The Swedish People’s Party in Ingå
The Swedish People’s Party’s local branch in Ingå, which was founded in 1906, has about 240 members and is thus one of the biggest branches in West Nyland. Ingå also has an active branch of the Swedish Women’s League (Svenska Kvinnoförbundet), and Swedish Youth (Svensk ungdom).
The Swedish People’s Party has, during the Council period 2021-2025, 17 councellors out of a total of 27 and is thus the biggest party in the Municipal Council. The party has 6 seats out of 9 on the Municipal Board, and, in addition, seats on all the municipal committees.

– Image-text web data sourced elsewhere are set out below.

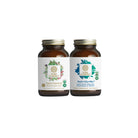 Two brown glass supplement bottles from The Synergy Company’s Beginner Bundle, each with a gold lid and white label: the left contains an organic superfood powder; the right is a whole food multivitamin with organic vegetables and fruits.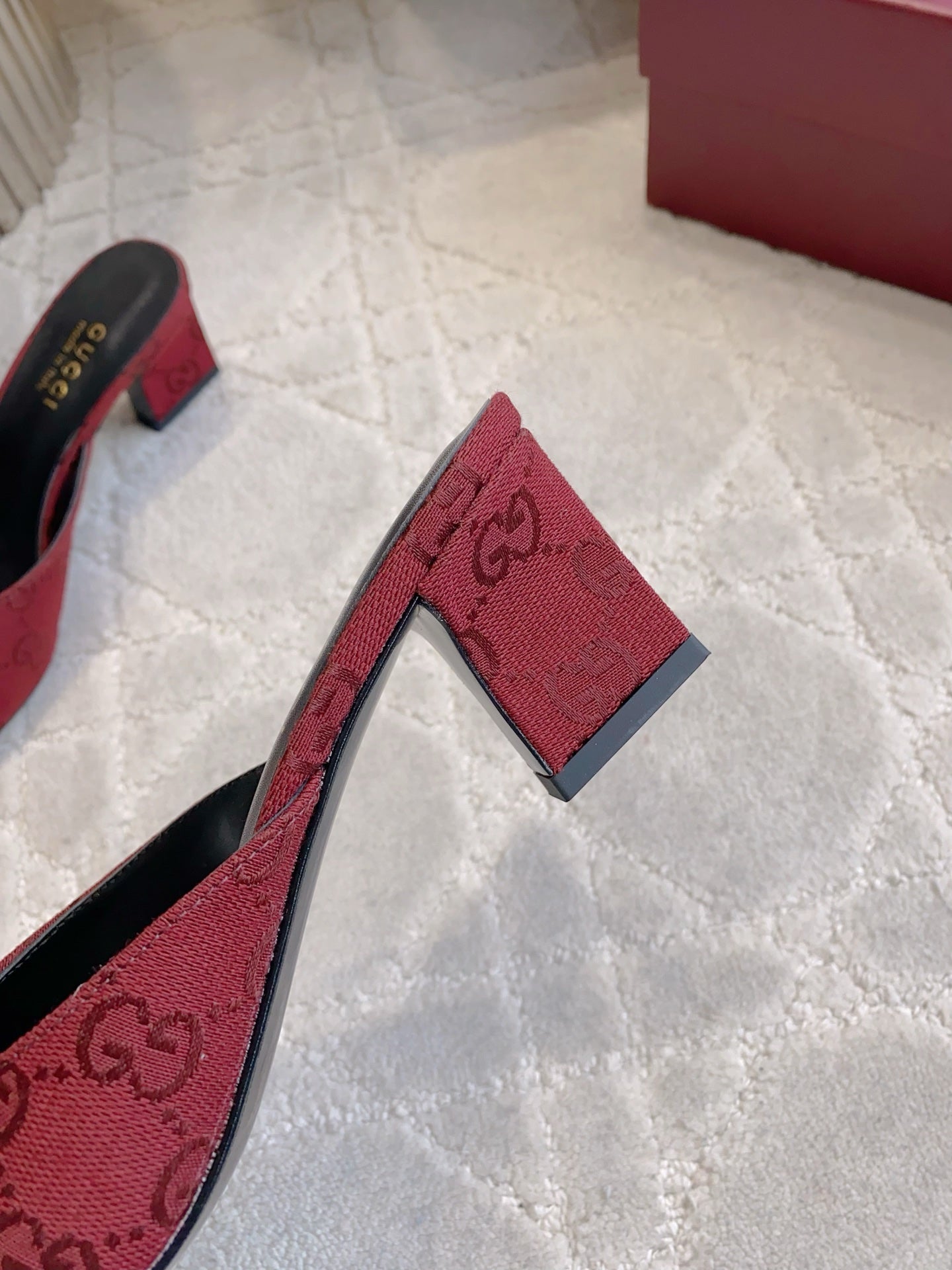 GG 26SS High-Heeled Sandals Dark Red Canvas Leather 644532
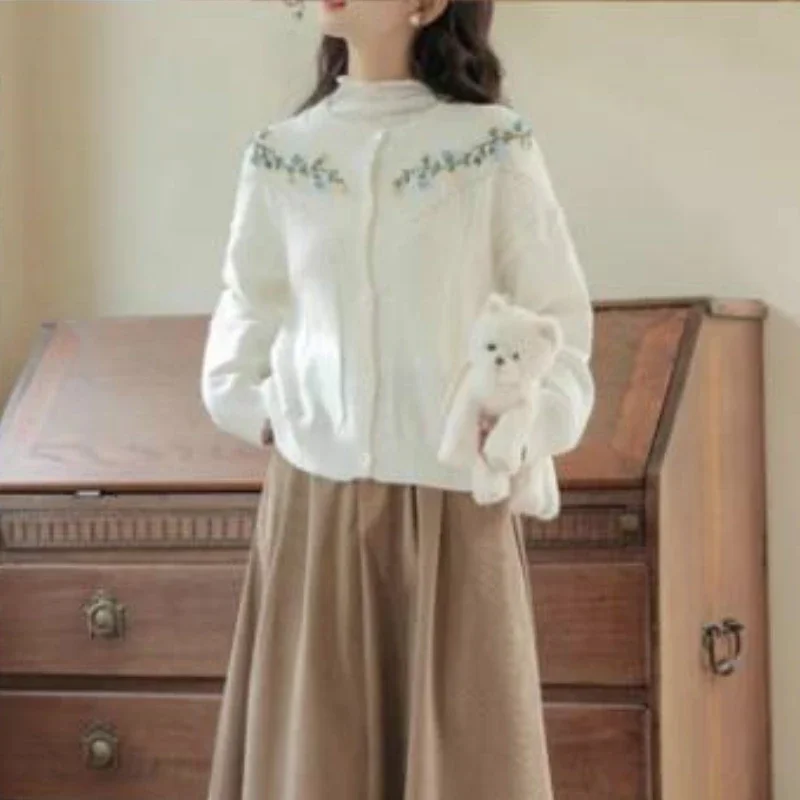 Sueter Feminino الحلو طويلة الأكمام محبوك سترة المرأة بالأزرار جديد س الرقبة متماسكة سترة سترة المرأة بلايز تريكو Q1730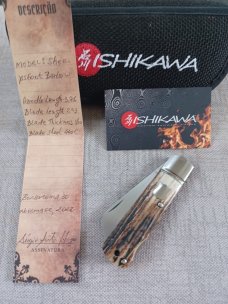 Ishikawa Tailored Knives Stag  Sheepsfoot Barlow Lockback..440C...4" closed..3" blade..Coa and pouch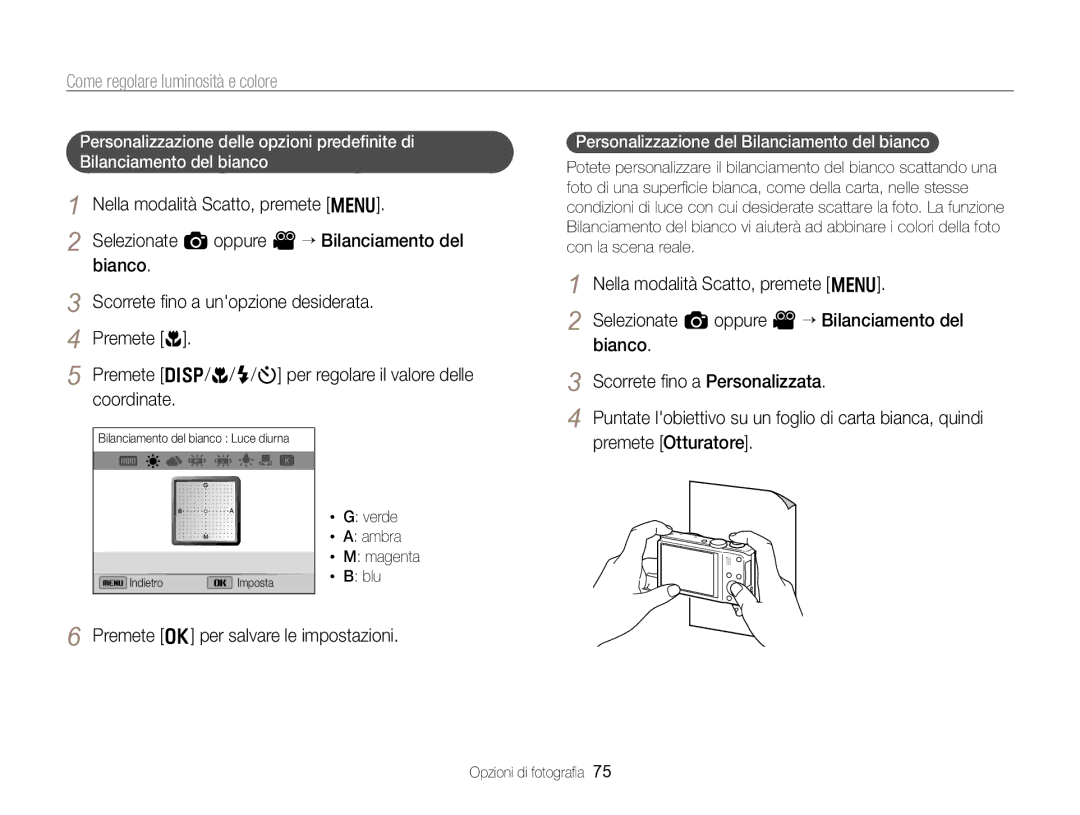Samsung EC-WB750ZBPBE1 manual Personalizzazione del Bilanciamento del bianco, Verde Ambra Magenta Blu 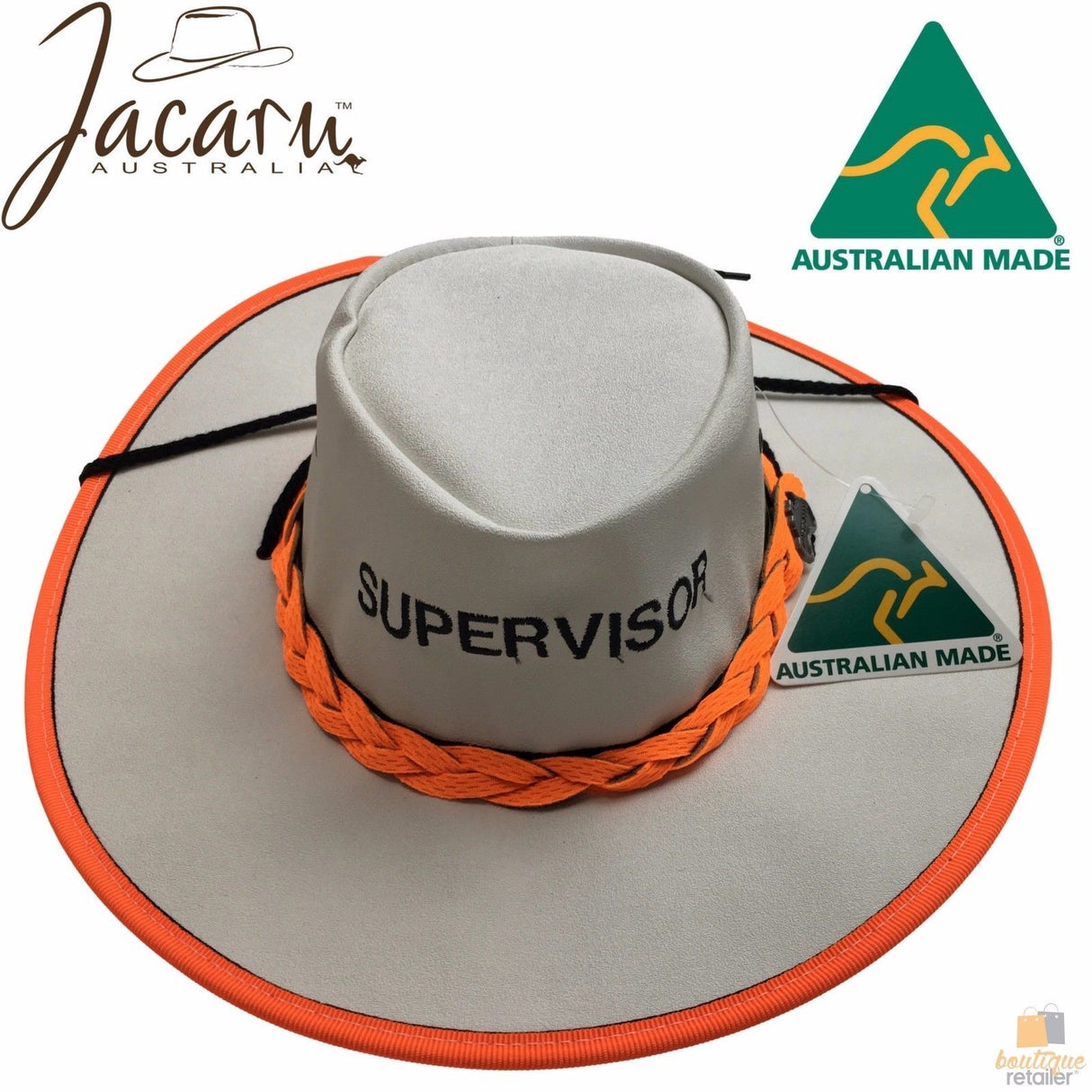 JACARU Hi Vis Safety SUPERVISOR Explorer Sun Hat UV Protection Water Resistant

The Swedish People’s Party chairs the Municipal Council and the Municipal Executive Board.
For information on the local branch of the Swedish People’s Party in Ingå, please contact Kaj Karlstedt, Chair email: kaj.karlstedt@gmail.com.
History
The Swedish People’s Party was founded in 1906 after a modern parliament was established in Finland, with equal voting rights for all men and women.
The party was founded by the journalist Axel Lille, Doctor of Law, who felt a broader popular movement was needed for all Swedish- speaking people in Finland, regardless of their social or professional background.
The same broad base is still today unique in the political arena of Finland, and it has been cited as an explanation for the Swedish People’s Party’s longevity as a coalition party in Finnish governments ever since Finland’s independence in 1917. Since many of the Swedish People’s Party’s policies are already good compromises, they are applicable as such to the whole of Finland.
The name is pronounced in Swedish with a slight emphasis on ”Folk-” (People’s). It is a grassroots movement for the Swedish-speaking population of Finland, not a party only for recent immigrants from Sweden.
Who are the Swedish-speaking Finns?
Finland is a bilingual country according to its constitution. This means that members of the Swedish language minority have the right to communicate with the authorities in their mother tongue.
The majority of today’s Swedish speakers, especially in the countryside, have their origins in the settlers who came to Finland from Central Sweden, mainly Uppland, in the early 13th century. Other minor groups of immigrants, who came from Germany (often via Sweden), Britain, Russia and the Baltic area during the Later Middle Ages and the Early Modern Period, became assimilated into the Swedish-speaking population.
Ingå’s Swedish History
Ingå’s Swedish past also dates back to the early medieval period. It takes its name from an early Swedish settler ’Inge’, who established a farm on the stream running through today’s centre, which came to be known as Ingå ’Inge’s stream’. It is interesting to note that, in contradistinction to other municipalities in West Nyland, nearly all the old place-names in Ingå are Swedish. Ever since the Swedish language was first introduced in the Middle Ages, it has occupied a strong position in Ingå, sharing with the rest of West Nyland the characteristic two-tone word accent, which is also a defining feature of today’s Standard Swedish in Sweden.
Ingå has lived through several historical periods: it was a municipality of Sweden for 600 years, just like any other district within the Swedish kingdom, then it was governed by the Russian Tsar for more than a century, now it is a municipality of the Republic of Finland.